Reverse Total shoulder arthroplasty (RTSA) is an effective treatment and a surgical alternative approach to conventional total shoulder arthroplasty for patients with severe rotator cuff tears and glenoid erosion. To help optimize RTSA design, it is necessary to gain insight into the geometry of glenoid erosions and consider their unique morphology across the entire bone. One of the most powerful tools to systematically quantify and visualize the variation of bone geometry throughout a population is Statistical Shape Modeling (SSM); this method can assess the variation in the full shape of a bone, rather than of discrete anatomical features, which is very useful in identifying abnormalities, planning surgeries, and improving implant designs. Recently, many scapula SSMs have been presented in the literature; however, each has been created using normal and healthy bones. Therefore, creation of a scapula SSM derived exclusively from patients exhibiting complex glenoid bone erosions is critical and significantly challenging.
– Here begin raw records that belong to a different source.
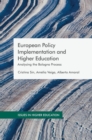 European Policy Implementation and Higher Education : Analysing the Bologna Process - Book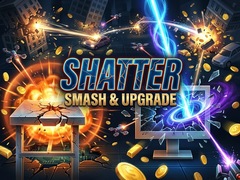 Ойын Shatter: Smash & Upgrade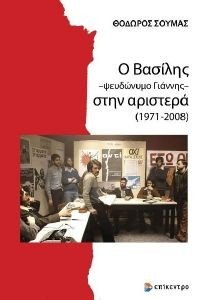 Ο ΒΑΣΙΛΗΣ ΨΕΥΔΩΝΥΜΟ ΓΙΑΝΝΗΣ ΣΤΗΝ ΑΡΙΣΤΕΡΑ 1971-2008 Ο ΒΑΣΙΛΗΣ ΨΕΥΔΩΝΥΜΟ ΓΙΑΝΝΗΣ ΣΤΗΝ ΑΡΙΣΤΕΡΑ 1971-2008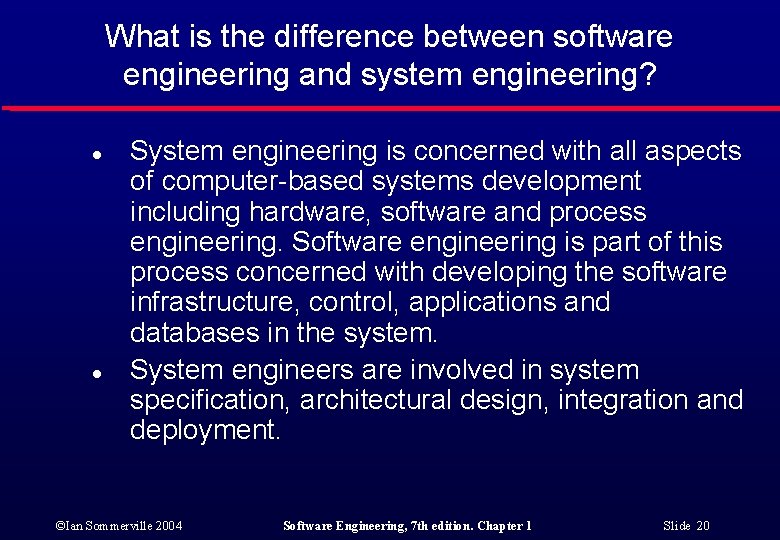 What is the difference between software engineering and system engineering? l l System engineering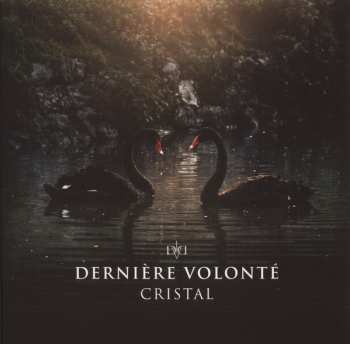 LP Dernière Volonté: Cristal CLR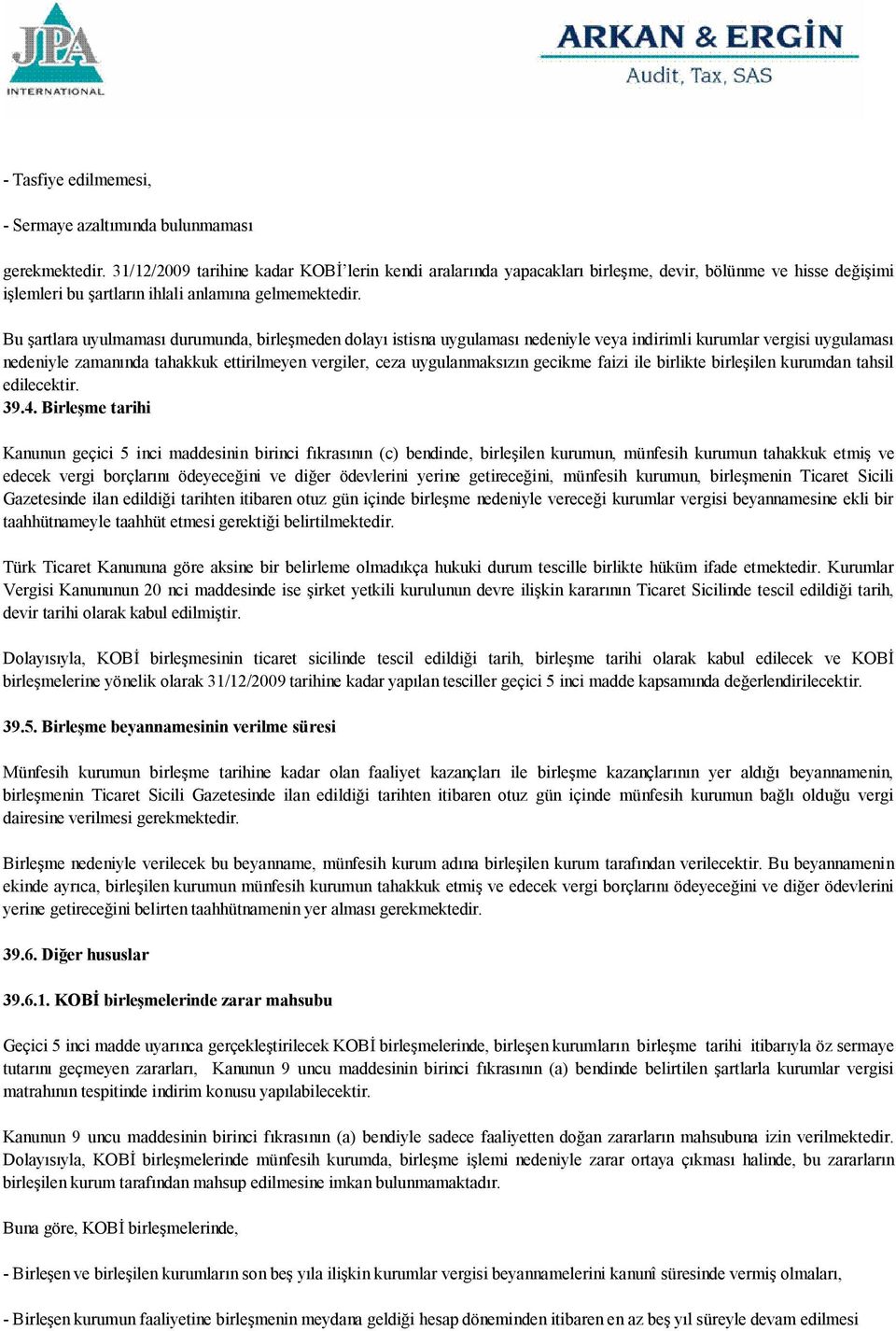 Bu şartlara uyulmaması durumunda, birleşmeden dolayı istisna uygulaması nedeniyle veya indirimli kurumlar vergisi uygulaması nedeniyle zamanında tahakkuk ettirilmeyen vergiler, ceza uygulanmaksızın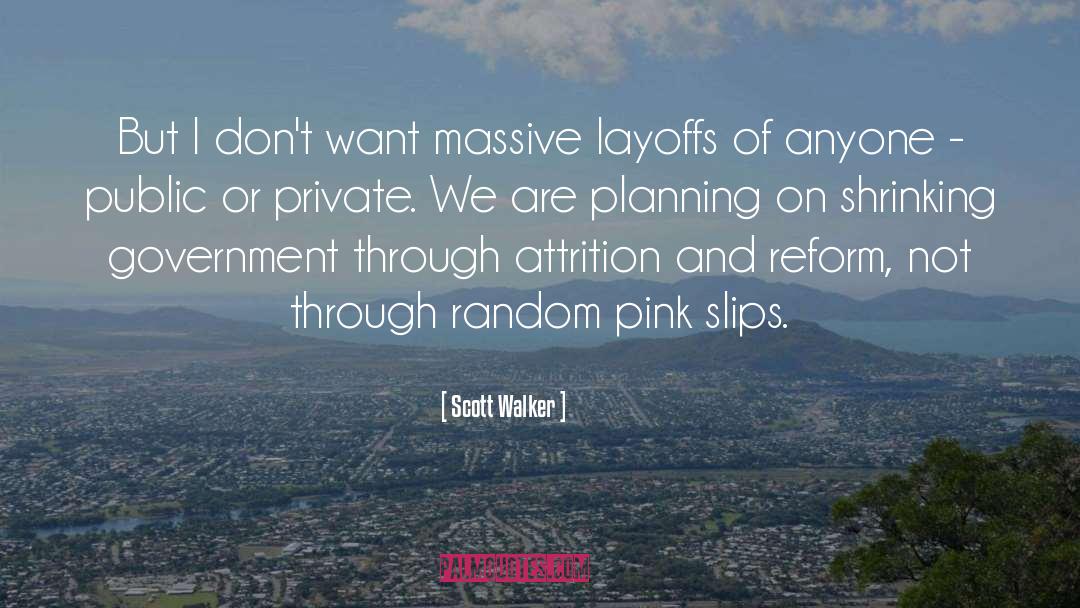 Layoffs quotes by Scott Walker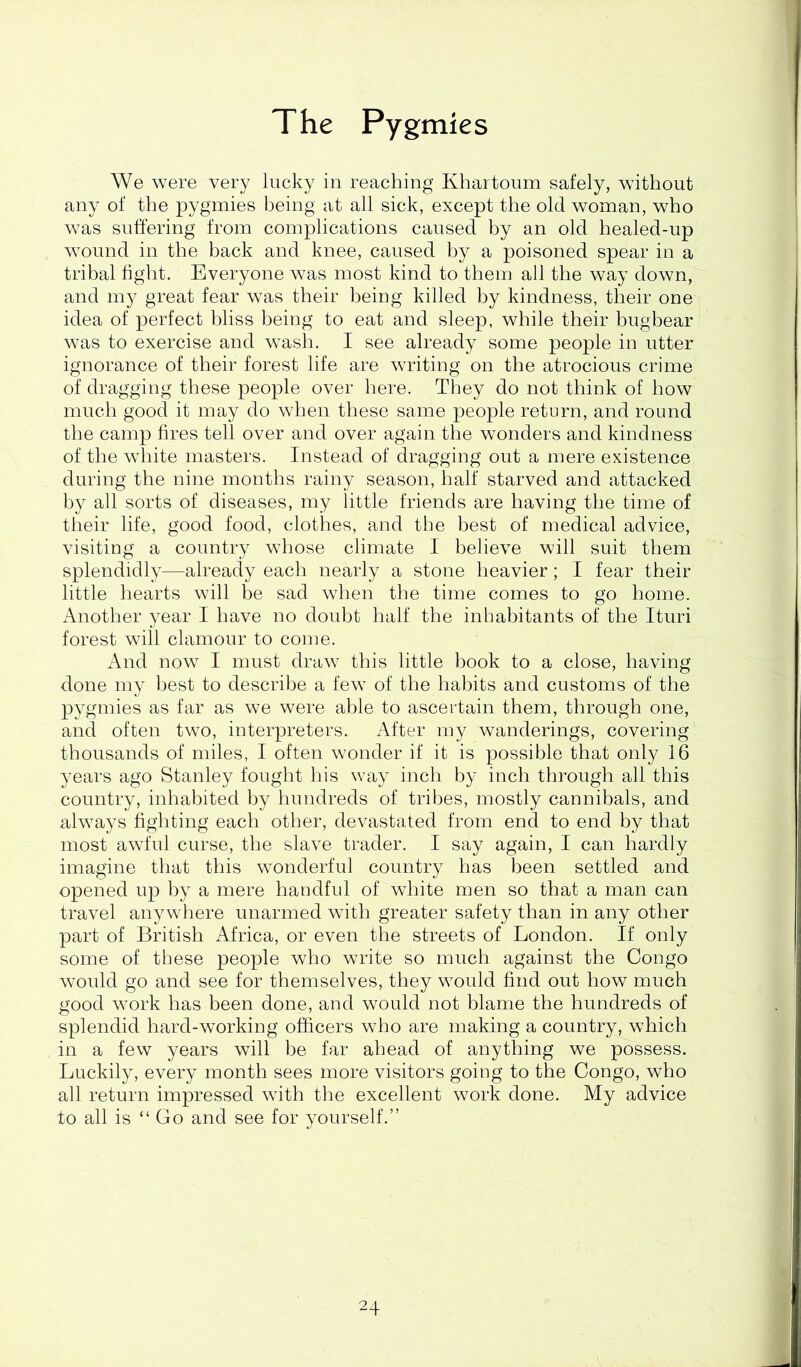 p The Pygmies We were very lucky in reaching Khartoum safely, without any of the pygmies being at all sick, except the old woman, who was suffering from complications caused by an old healed-up wound in the back and knee, caused by a poisoned spear in a tribal light. Everyone was most kind to them all the way down, and my great fear was their being killed by kindness, their one idea of perfect bliss being to eat and sleep, while their bugbear was to exercise and wash. I see already some people in utter ignorance of their forest life are writing on the atrocious crime of dragging these people over here. They do not think of how much good it may do when these same people return, and round the camp fires tell over and over again the wonders and kindness of the white masters. Instead of dragging out a mere existence during the nine months rainy season, half starved and attacked by all sorts of diseases, my little friends are having the time of their life, good food, clothes, and the best of medical advice, visiting a country whose climate I believe will suit them splendidly—already each nearly a stone heavier; I fear their little hearts will be sad when the time comes to go home. Another year I have no doubt half the inhabitants of the Ituri forest will clamour to come. And now I must draw this little book to a close, having done my best to describe a few of the habits and customs of the pygmies as far as we were able to ascertain them, through one, and often two, interpreters. After my wanderings, covering thousands of miles, I often wonder if it is possible that only 16 years ago Stanley fought his way inch by inch through all this country, inhabited by hundreds of tribes, mostly cannibals, and always fighting each other, devastated from end to end by that most awful curse, the slave trader. I say again, I can hardly imagine that this wonderful country has been settled and opened up by a mere handful of white men so that a man can travel anywhere unarmed with greater safety than in any other part of British Africa, or even the streets of London. If only some of tl]ese people who write so much against the Congo would go and see for themselves, they would find out how much good work has been done, and would not blame the hundreds of splendid hard-working officers who are making a country, which in a few years will be far ahead of anything we possess. Luckily, every month sees more visitors going to the Congo, who all return impressed with the excellent work done. My advice to all is “Go and see for yourself.” i 4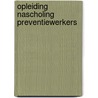Opleiding nascholing preventiewerkers by Schmitz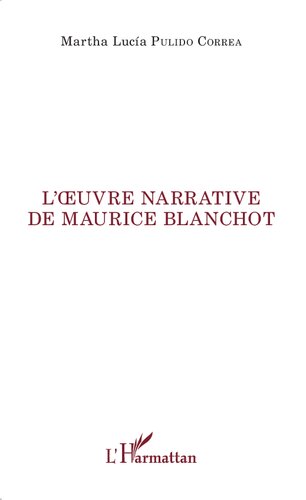 L'oeuvre narrative de Maurice Blanchot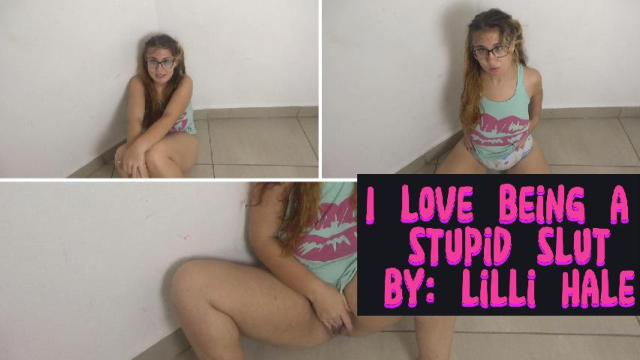 I love being a stupid slut video from Lilli Hale
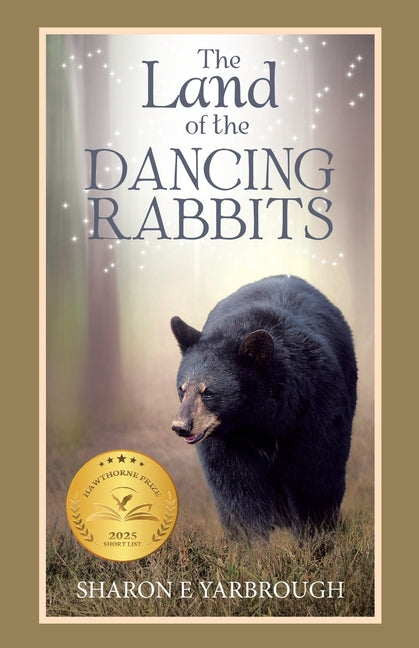 The Land of the Dancing Rabbits by Yarbrough, Sharon E.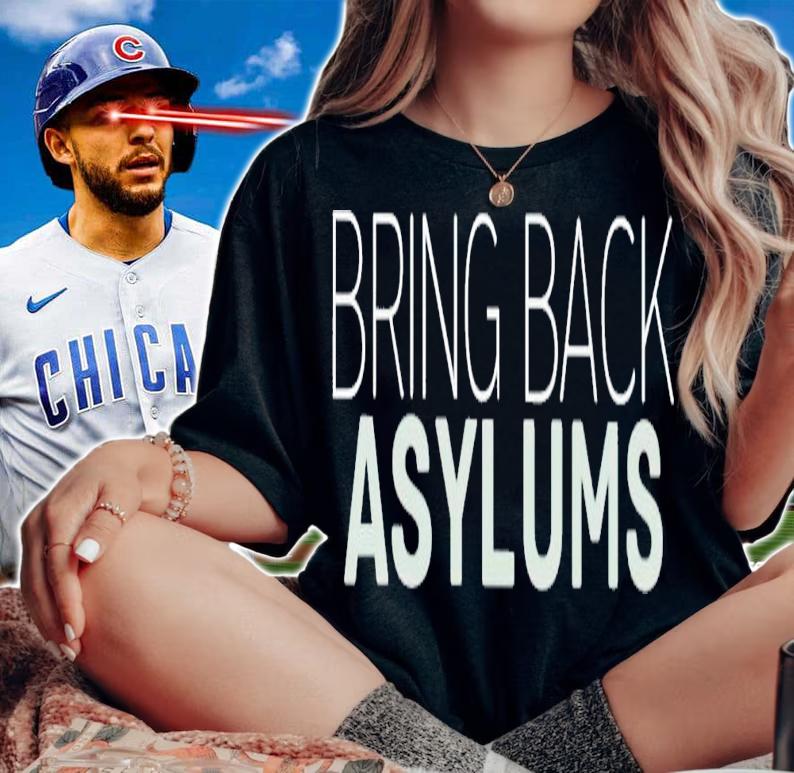 Bring back asylums shirt t-shirt woman shirt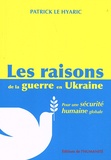 Patrick Le Hyaric - Les raisons de la guerre en Ukraine - Pour une sécurité humaine mondiale.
In addition, several studies have quantified scapular bone properties in patients with complex glenoid erosion. However, because of their discrete nature these analyses cannot be used as the basis for Finite Element Modeling (FEM). Thus, a need exists to systematically quantify the variation of bone properties in a glenoid erosion patient population using a method that captures variation across the entire bone. This can be achieved using Statistical Intensity Modeling (SIM), which can then generate scapula FEMs with realistic bone properties for evaluation of orthopaedic implants. Using an SIM enables researchers to generate models with bone properties that represent a specific, known portion of the population variation, which makes the findings more generalizable. Accordingly, the main purpose of this research is to develop an SSM and SIM to mathematically quantifying the variation of bone geometries in a systematic manner for the complex geometry of scapulae with severe glenoid erosion and to determine the main modes of variation in bone property distribution, which could be used for future FEM studies, respectively.
To draw meaningful statistical conclusions from the dataset, we need to compare and relate corresponding parts of the scapula. To achieve this correspondence, 3D triangulated mesh models of 61 scapulae were created from pre-operative CT scans from patients who were treated with RTSA and then a Non-Rigid (NR) registration method was used to morph one Atlas point cloud to the shapes of all other bones. However, the more complex the shape, the more difficult it is to maintain good correspondence. To overcome this challenge, we have adapted and optimized a NR-Iterative Closest Point (ICP) method and applied that on 61 eroded scapulae which results in each bone shape having identical mesh structure (i.e., same number and anatomical location of points).
To assess the quality of our proposed algorithm, the resulting correspondence error was evaluated by comparing the positions of ground truth points and the corresponding point locations produced by the algorithm. The average correspondence error of all anatomical landmarks across the two observers was 2.74 mm with inter and intra-observer reliability of ±0.31 and ±0.06 mm. Moreover, the Root-Mean-Square (RMS) and Hausdorff errors of geometric registration between the original and the deformed models were calculated 0.25±0.04 mm and 0.76±0.14 mm, respectively.
After registration, Principal Component Analysis (PCA) is applied to the deformed models as a group to describe independent modes of variation in the dataset. The robustness of the SSM is also evaluated using three standard metrics: compactness, generality, and specificity. Regarding compactness, the first 9 principal modes of variations accounted for 95% variability, while the model’s generality error and the calculated specificity over 10,000 instances were found to be 2.6 mm and 2.99 mm, respectively.
The SIM results showed that the first mode of variation accounts for overall changes in intensity across the entire bone, while the second mode represented localized changes in the glenoid vault bone quality. The third mode showed changes in intensity at the posterior and inferior glenoid rim associated with posteroinferior glenoid rim erosion which suggests avoiding fixation in this region and preferentially placing screws in the anterosuperior region of the glenoid to improve implant fixation.